Question
what is the rate of change of a line that passes through (1,1) and a y intercept of (0,1)
Answers
GPT 3.5
To find the rate of change of a line, we need to determine the slope of the line. The slope is often represented by the letter "m" in the slope-intercept form of a linear equation, which is y = mx + b, where "m" is the slope and "b" is the y-intercept.
Given that the line passes through (1,1) and has a y-intercept of (0,1), we can use these points to find the slope.
Let's label the coordinates of the first point as (x₁, y₁), which in this case is (1,1).
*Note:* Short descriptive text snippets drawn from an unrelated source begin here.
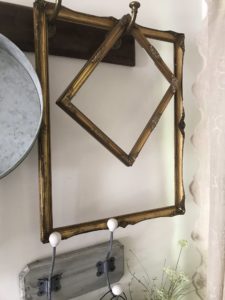 empty frames used as hanging decorations on rustic coat hooks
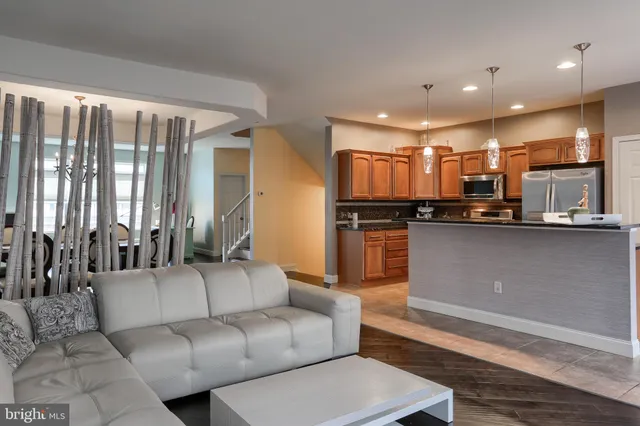 a living room with stainless steel appliances kitchen island granite countertop furniture and a view of kitchen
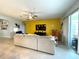 Open living room with a large couch, modern decor, and a sliding glass door for natural light at 7035 Oxbow Rd, Minneola, FL 34715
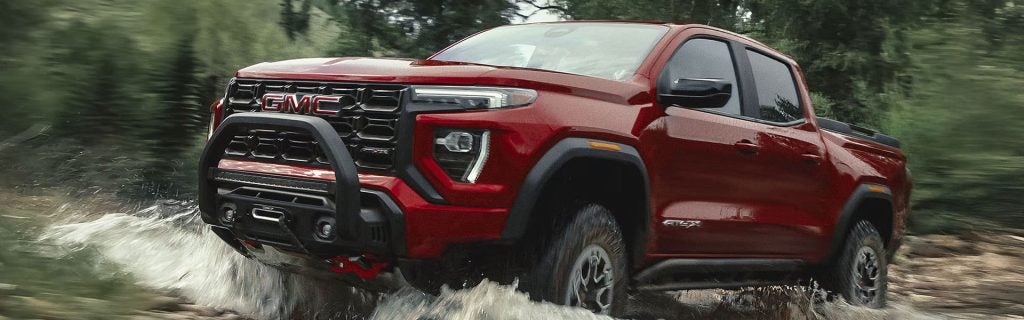 Red GMC pickup truck splashing through water on a forest trail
The coordinates of the second point will be (x₂, y₂), which is (0,1).
The slope formula is given by:
m = (y₂ - y₁) / (x₂ - x₁)
Substituting the given points:
m = (1 - 1) / (0 - 1)
Simplifying:
m = 0 / (-1)
m = 0
Therefore, the rate of change of the line that passes through (1,1) with a y-intercept of (0,1) is 0.
Given that the line passes through (1,1) and has a y-intercept of (0,1), we can use these points to find the slope.
Let's label the coordinates of the first point as (x₁, y₁), which in this case is (1,1). The coordinates of the second point will be (x₂, y₂), which is (0,1).
The slope formula is given by:
m = (y₂ - y₁) / (x₂ - x₁)
Substituting the given points:
m = (1 - 1) / (0 - 1)
Simplifying:
m = 0 / (-1)
m = 0
Therefore, the rate of change of the line that passes through (1,1) with a y-intercept of (0,1) is 0.